The electricity-powered gadgets will produce noise at an irritating frequency to the raccoons, and thus the wild animals will avoid the areas near your property. They are budget-friendly and are easy to use and maintain.

Luckily, the sound or noise frequency will only be heard by the raccoons and thus won’t irritate you or other humans. They’ll also repel skunks and deer. Further, most of these Repellents can be powered using batteries.

5. Motion-Activated Sprinkler (Repellent): Motion-Activated Water Sprinkler: Finally, these sprinklers allow you to scare off raccoons while still watering your yard or garden.

Luckily, with this kind of motion-activated water sprinkler, you’ll easily repel birds, herons, squirrels, and cats (using the daytime setting) and raccoons, rabbits, skunks, cats, and deer (with the night-time setting).

The motion-activated sprinklers include that it can cover about 1600 square feet of your yard with the spray zone also being expandable and customizable frequency for night and day modes.

Equally, the sprinklers are convenient for being battery powered. Luckily, the sprinkler is chemical-free and thus won’t affect any of your household pets or animals.

The Sprinkler will help protect your vegetable gardens, pathways, flowerbeds, trees, structures, lawns or yards, pool areas, plants, mulch beds, entryways, koi ponds, and garbage cans.

Step 5: Seal the Attic and House Roof

Next up is sealing all the loopholes that raccoons may use to get into your house. In this case, you’ll need to seal all the seal the attic and house roof.

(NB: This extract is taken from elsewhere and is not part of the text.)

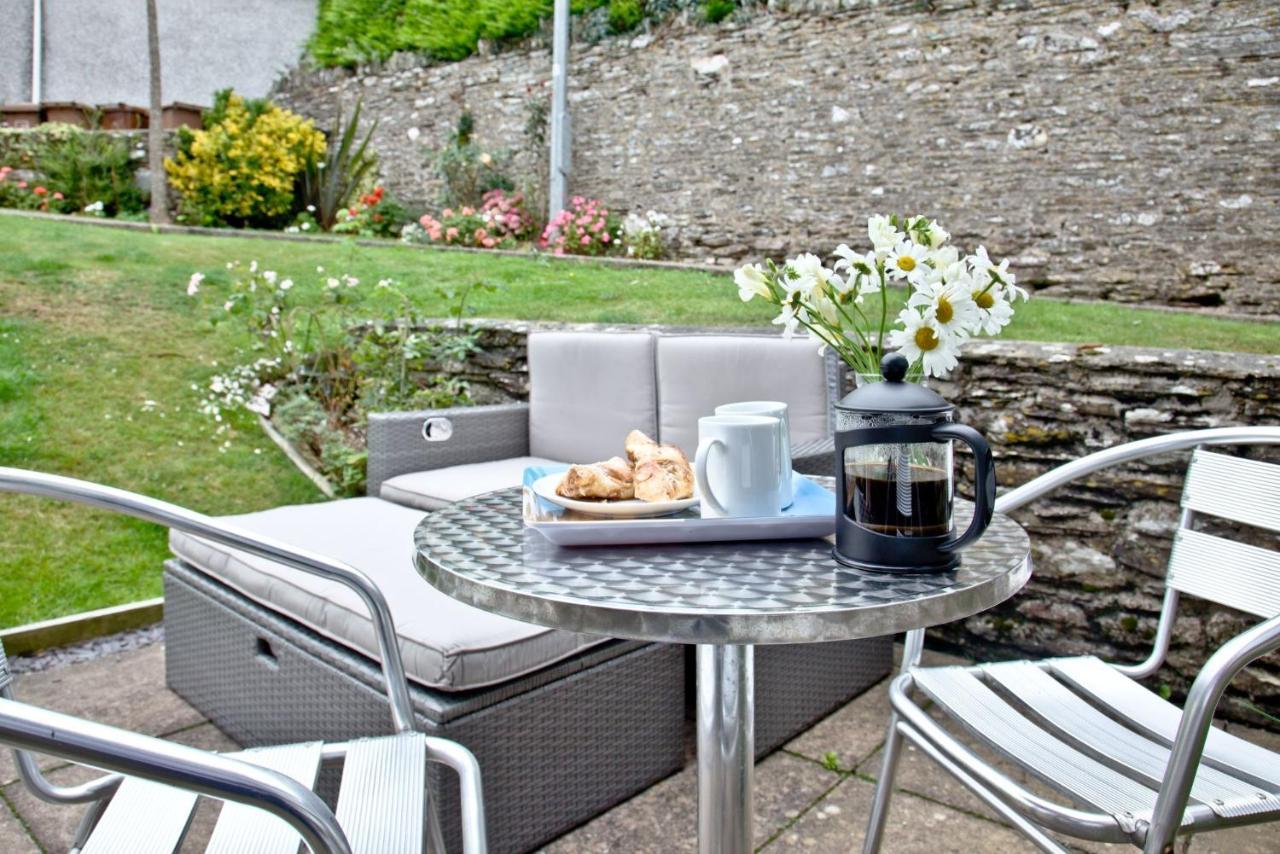 Anchor Cottage, Strete, Dartmouth 외부 사진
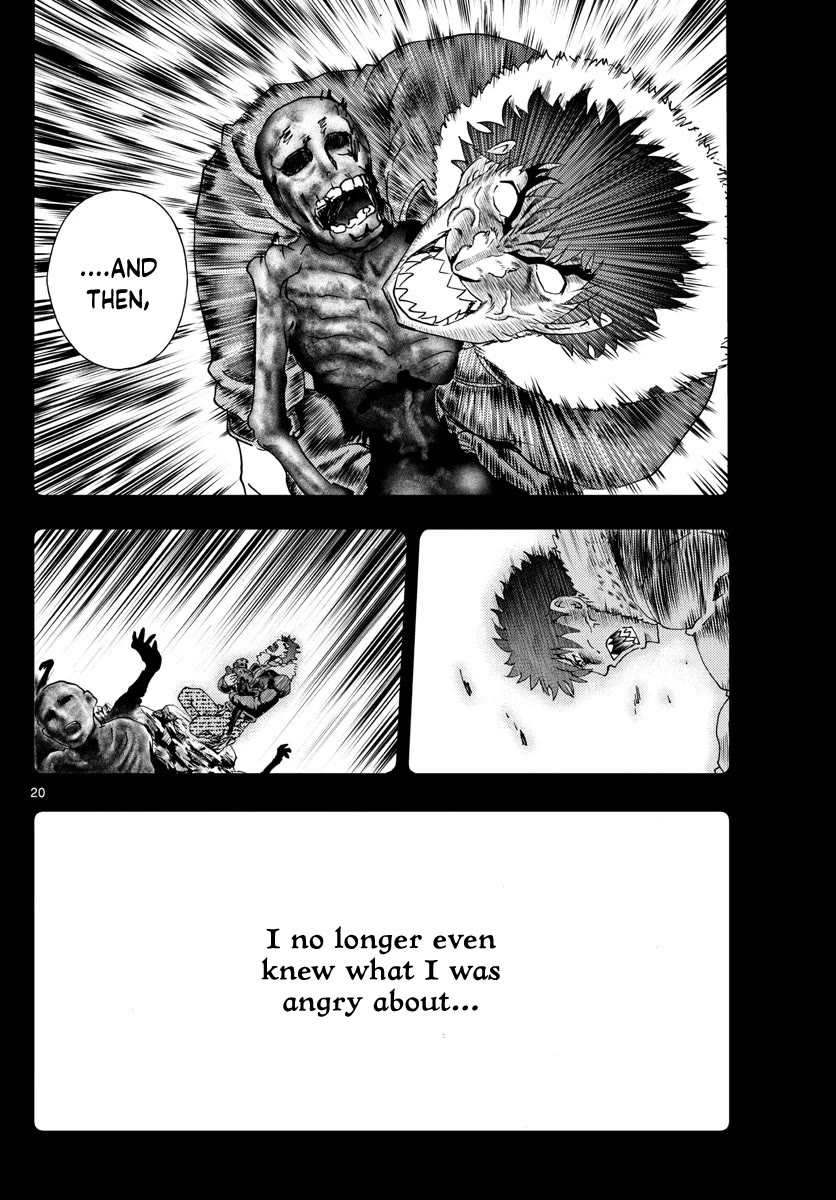 Kimi wa 008 Chapter 207 page 21 - Chapter 207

Notably, if you let the raccoon get into the house, it becomes so difficult to get it out quickly and humanely. Therefore, examine the attic and house roof for open vents or loose boards. Also, you’ll need to raccoon-proof the chimney by putting a cap.

Replace or repair any rotten boards on the walls, roof and doors leading to the outside. Remember, even small gaping that are just some few inches in radius can act as a great entry point for raccoons.

Exterminator Tips: How to Get Rid of Raccoons

Tip 1: Are Mothballs effective in Repelling Raccoons?

Naphthalene –based raccoon repellents including moth balls are very popular among homeowners and lawn-care enthusiasts.

So, here’s why; these products are budget-friendly and produce a strong odor that make people believe that it’s effective against raccoons. However…

Moth balls contain dangerous active ingredients that’ll poison or harm your environment. In addition, moth balls – just like other naphthalene-based repellents, simply don’t work against raccoons.

Tip 2: Where do Raccoons Hide? 

By now you might have noticed some damage caused by the raccoon. Well, that’s a positive step as this will help you know where to target with your raccoon control methods.

Exterminators will come with traps and remove the animals. However, government officials won’t allow the raccoons to be moved or relocated and thus the exterminators result to euthanizing the animals.

For example, the wild raccoon will den in hollowed trees, brush piles, under rocks, and also in hollow log trunks. Here’s what the raccoons will be doing around your house.

  1. Invading the attic
  2. Eating the fish in the aquarium or pond
  3. Visiting and ransacking the bird feeders, trash cans, and pet feeders.
  4. Hiding under the porch

Tip 3: Why Do Raccoons Invade My Property?

1. Available Food Sources

As an omnivorous animal, raccoons will eat both animals and plants around urban, suburban, and agricultural areas.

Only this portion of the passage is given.